TASK OBJECTIVE
Output the listing word for word, minus images.

DATASET SECTION

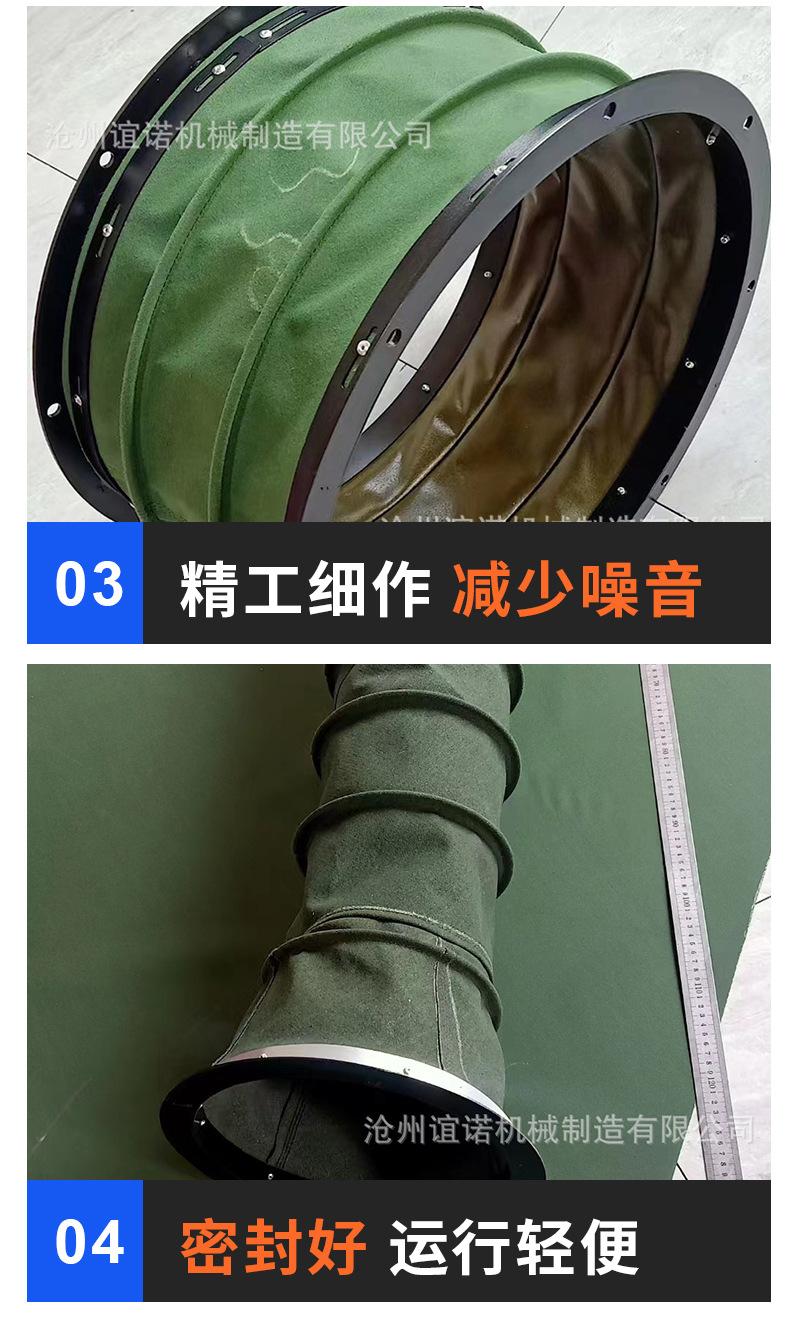 沧州谊诺机械制造有限公司-内页_05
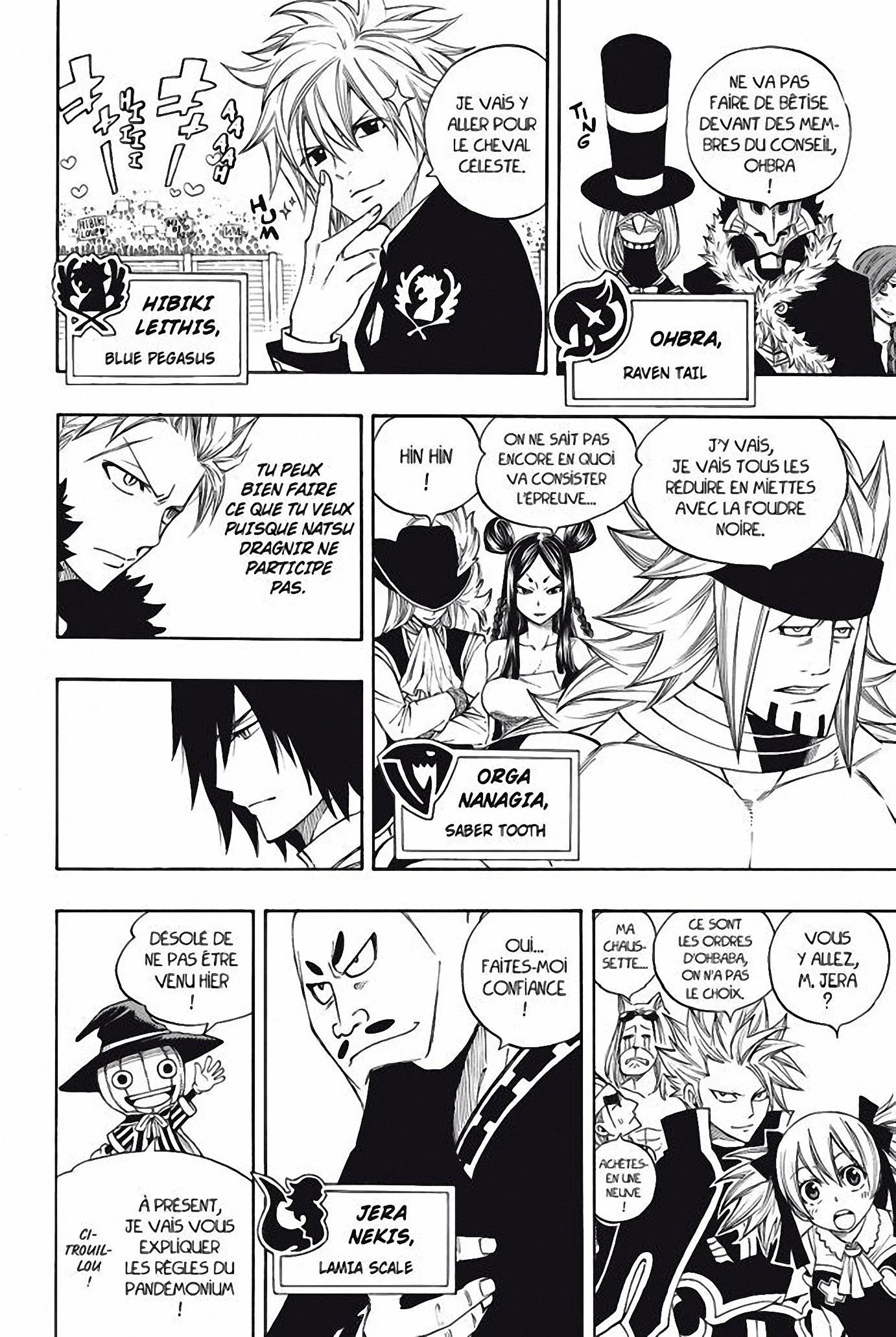 Chapter Image 75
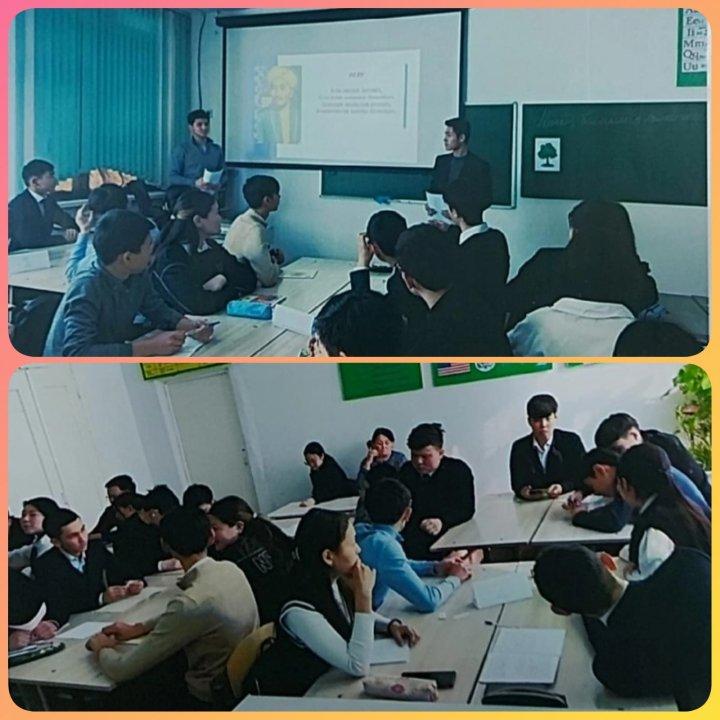 Тараз қаласы №47 орта мектебінде 07.02.2023ж 10"Ә" сынып оқушыларымен "Менің болашақ мамандығым" тақырыбында кездесу өтілді.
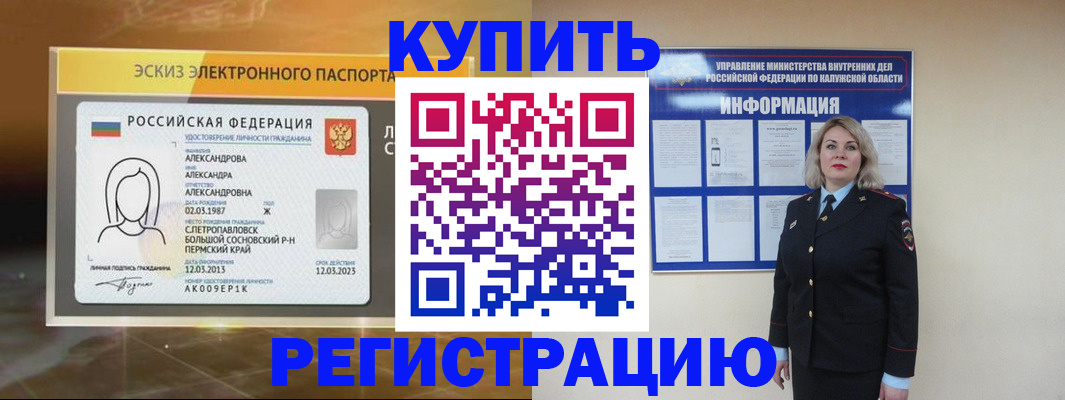 найти адрес прописки в Железногорске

TASK RESULT
 沧州谊诺机械制造有限公司-内页_05
 Chapter Image 75
 Тараз қаласы №47 орта мектебінде 07.02.2023ж 10"Ә" сынып оқушыларымен "Менің болашақ мамандығым" тақырыбында кездесу өтілді.
 найти адрес прописки в Железногорске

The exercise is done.